DATA SHOWN:
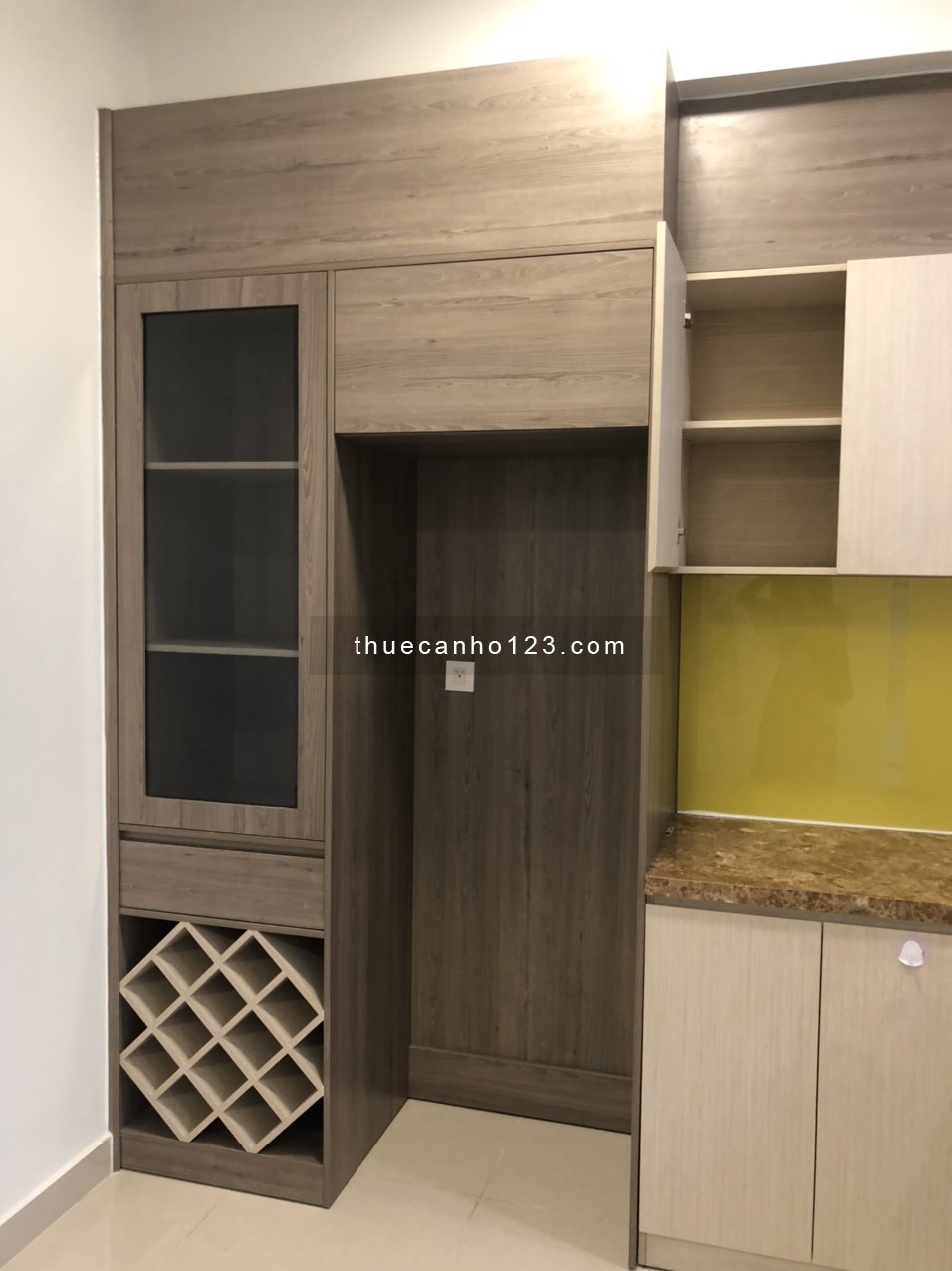 Cho thuê căn hộ chung cư quận 2, chuyên the Sun Avenue, 3pn, 16tr bao phí, 105m2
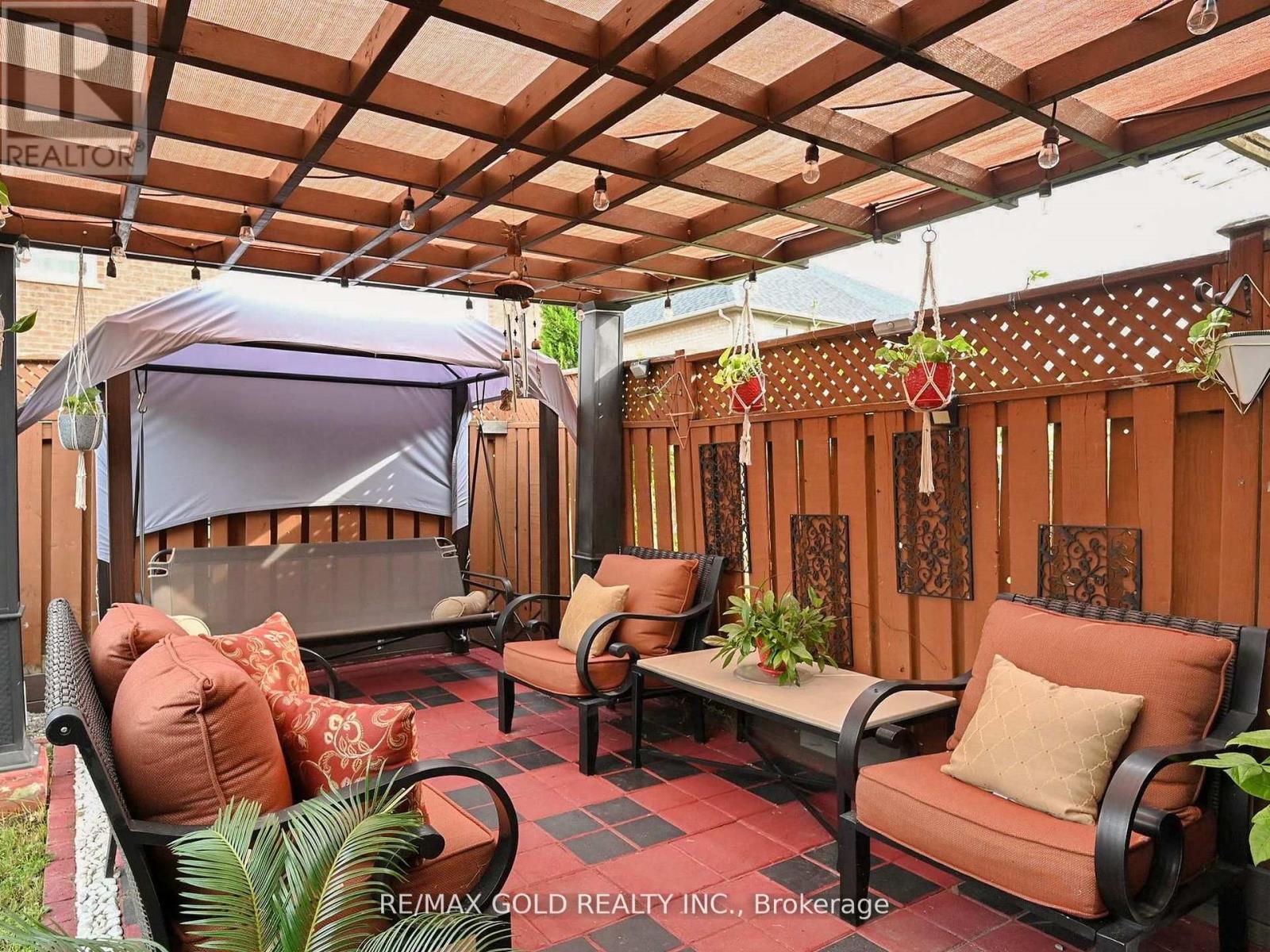 172 Desert Sand Drive, Brampton (Sandringham-Wellington), Ontario  L6R 1P8 - Photo 33 - W12409761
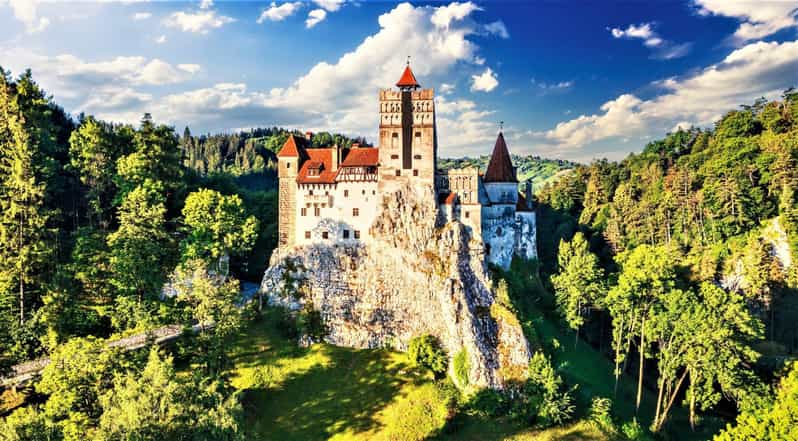 Bucharest: Peles Castle, Bran Castle, & Brasov Old Town Tour - Sinaia First, Peles Castle Second: Where Royal Rooms Feel Personal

WHAT THE EXERCISE ASKS: Nothing but the lines from the one containing "172 Desert Sand" through the end of the listing is to be output, and those lines are to be output exactly, pictures excluded.

EXERCISE OUTPUT:
 172 Desert Sand Drive, Brampton (Sandringham-Wellington), Ontario  L6R 1P8 - Photo 33 - W12409761
 Bucharest: Peles Castle, Bran Castle, & Brasov Old Town Tour - Sinaia First, Peles Castle Second: Where Royal Rooms Feel Personal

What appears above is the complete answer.